Problem to solve
Retype all of the listing exactly, with no pictures.

Information shown
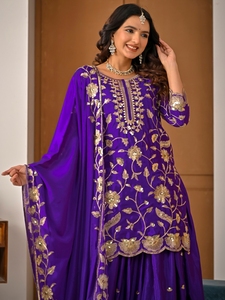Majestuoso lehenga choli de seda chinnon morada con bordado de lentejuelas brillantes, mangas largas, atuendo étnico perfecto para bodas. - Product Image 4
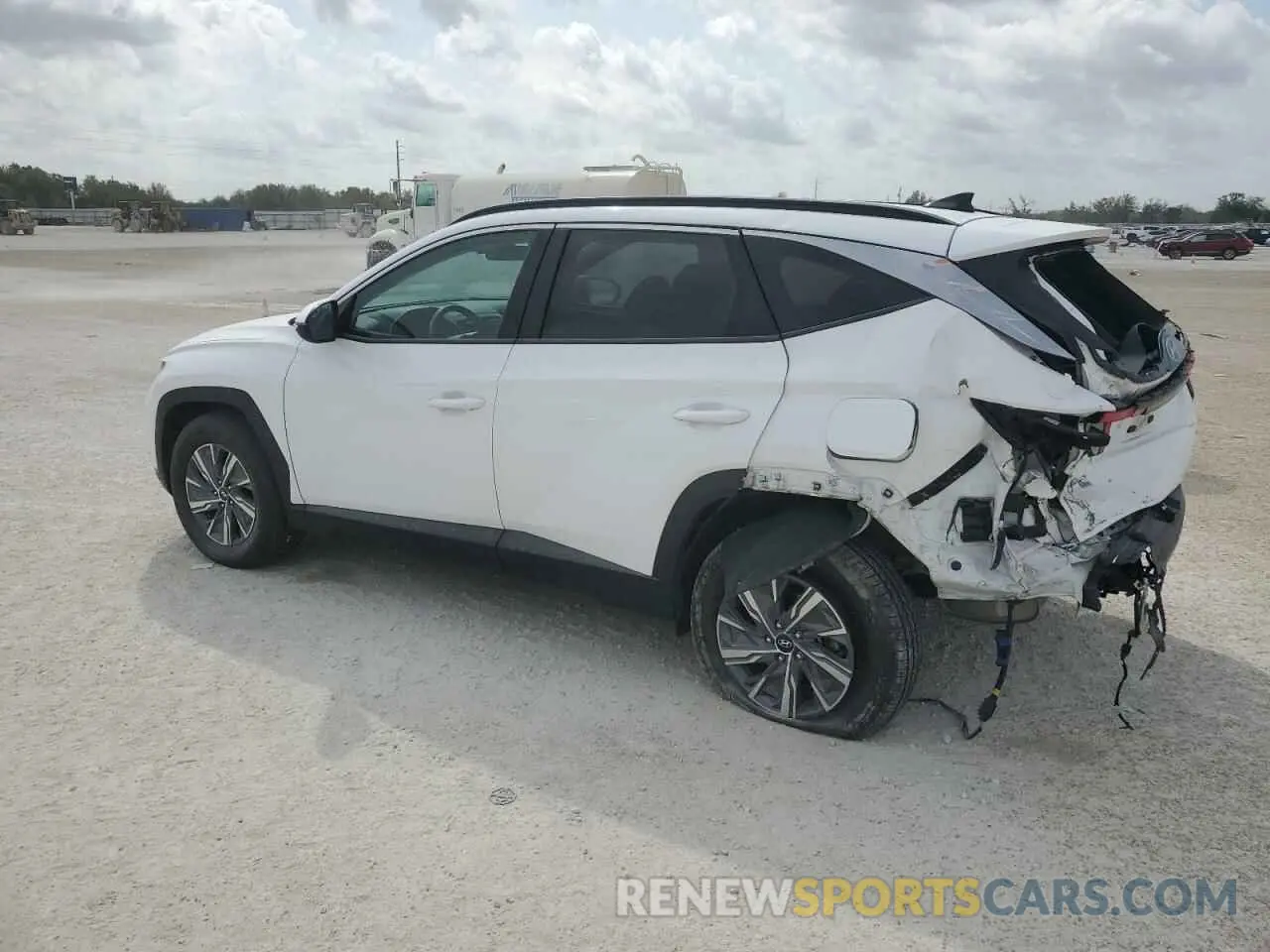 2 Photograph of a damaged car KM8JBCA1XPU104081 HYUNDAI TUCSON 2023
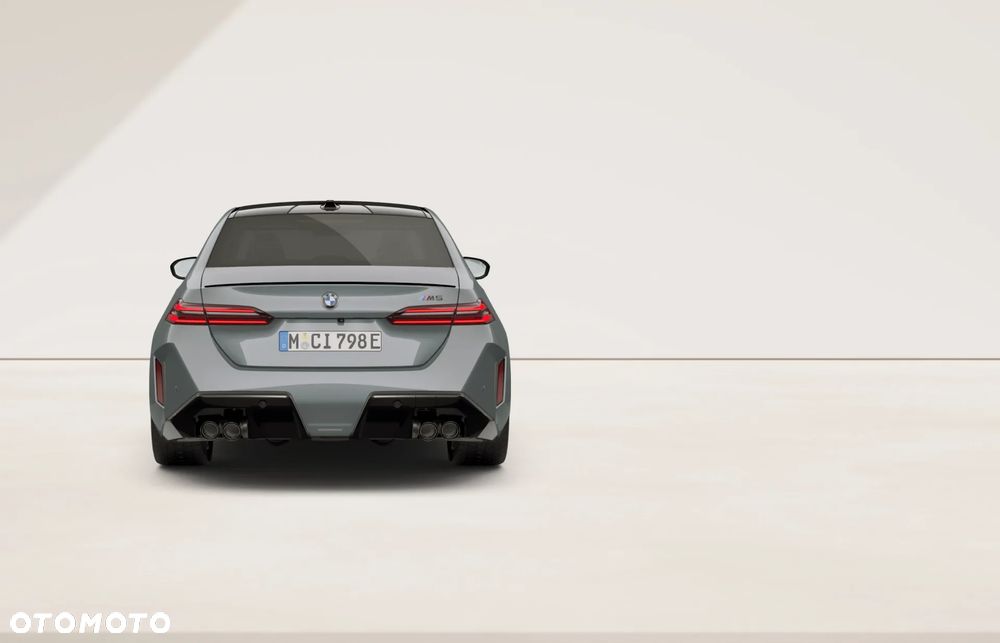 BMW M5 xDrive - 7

Exercise answer
Majestuoso lehenga choli de seda chinnon morada con bordado de lentejuelas brillantes, mangas largas, atuendo étnico perfecto para bodas. - Product Image 4
 2 Photograph of a damaged car KM8JBCA1XPU104081 HYUNDAI TUCSON 2023
 BMW M5 xDrive - 7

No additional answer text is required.